Control-Plane HA Operator Runbook

Audience: operators managing an AutonomyOps control-plane cluster in HA mode (primary + streaming replica with Patroni or equivalent).

This runbook covers the four most common operational scenarios:

  1. Leader failover

  2. Degraded audit status

  3. Legacy evidence caveats

  4. Contention monitoring

  5. Local reproducibility lab

Health endpoint quick reference:

Endpoint

Healthy response

When to check

GET /v1/health/read-ready

200 {"ready":true}

DB reachable from this pod

GET /v1/health/write-ready

200 {"ready":true}

This pod is the write authority

GET /v1/health/quorum

200 always

Full HA metrics snapshot

GET /v1/health/audit

200 always

Audit completeness status

GET /v1/health/leader

200 always

Current epoch + lock holder


1. Leader Failover

What triggers a failover

  • Patroni promotes a replica to primary (e.g. primary host crash, patronictl switchover).

  • The old leader’s keepalive loop fails to renew the advisory lock (pg_try_advisory_lock).

  • The old leader’s keepaliveFailure metric increments; session_lock_held drops to 0.

  • A replica’s Campaign() call wins the advisory lock and increments the epoch.

Observing the failover

# Watch the current leader state from any node
watch -n 2 'curl -sf http://localhost:8888/v1/health/leader | jq .'

# Example output immediately after a failover:
# {
#   "current_epoch": 4,
#   "holder_id": "cp-pod-2",
#   "acquired_at": "2026-03-09T14:23:01Z",
#   "session_lock_held": true
# }

Key fields:

  • current_epoch — durable monotonic counter; must be strictly greater than the previous epoch.

  • holder_id — node ID of the new leader; was written by its Campaign() call.

  • session_lock_heldtrue only on the node that currently holds the advisory lock.

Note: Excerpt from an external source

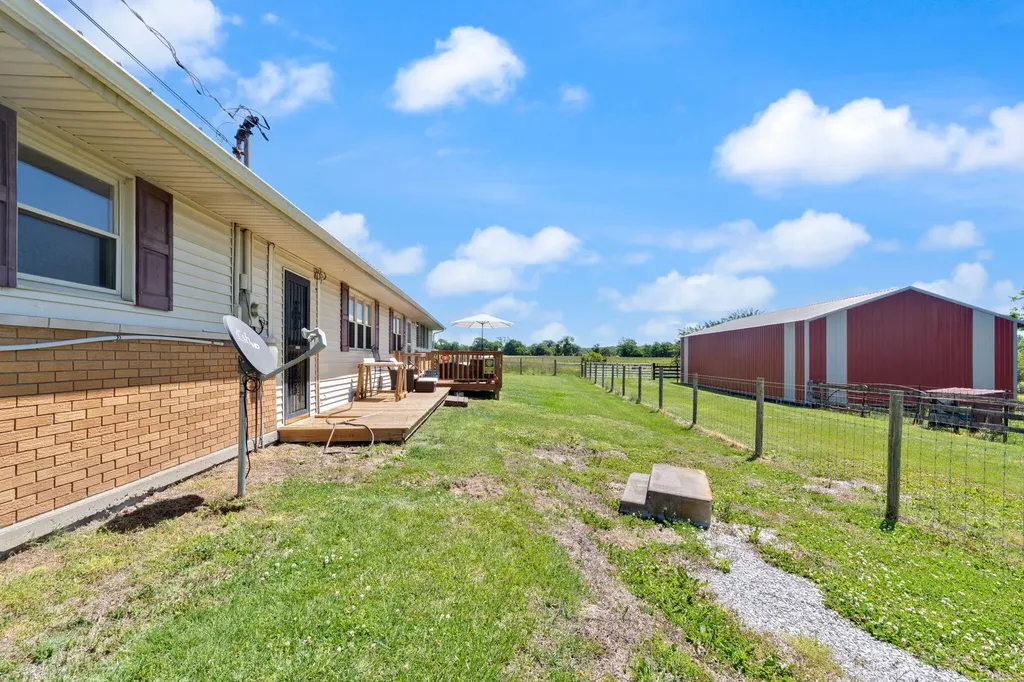 2665 Kentucky 80 Windsor KY 42565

Check the epoch history to confirm clean transition:

# GET /v1/health/leader shows only the singleton row.
# For full epoch history, query the leader_epochs table directly:
psql "$POSTGRES_URL" -c "
  SELECT epoch, holder_id, acquired_at, resigned_at, notes
  FROM leader_epochs
  ORDER BY epoch DESC
  LIMIT 10;
"

A clean failover shows:

  • The prior epoch row has resigned_at populated (if the old leader called Resign), or NULL (hard crash).

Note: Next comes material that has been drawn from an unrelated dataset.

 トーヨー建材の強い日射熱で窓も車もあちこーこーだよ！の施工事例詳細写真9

  • A new epoch row with the new holder_id.

  • No gap in epoch numbers.

Metrics to watch during failover

Metric key

Expected during failover

cp.leader.session_lock_held

Drops to 0 on old leader, rises to 1 on new leader

cp.leader.epoch

Increments by 1 on the new leader

cp.leader.keepalive_failures_total

May spike on the old leader before it exits

cp.leader.read_write_state_transition_total{not_leader:leader}

+1 on new leader

cp.leader.read_write_state_transition_total{leader:not_leader}

+1 on old leader

Confirming write authority restored

# On the new leader pod — expect 200 + ready:true
curl -sf http://localhost:8888/v1/health/write-ready | jq .

# On old leader pod — expect 503 + ready:false
curl -sf http://old-leader:8888/v1/health/write-ready | jq .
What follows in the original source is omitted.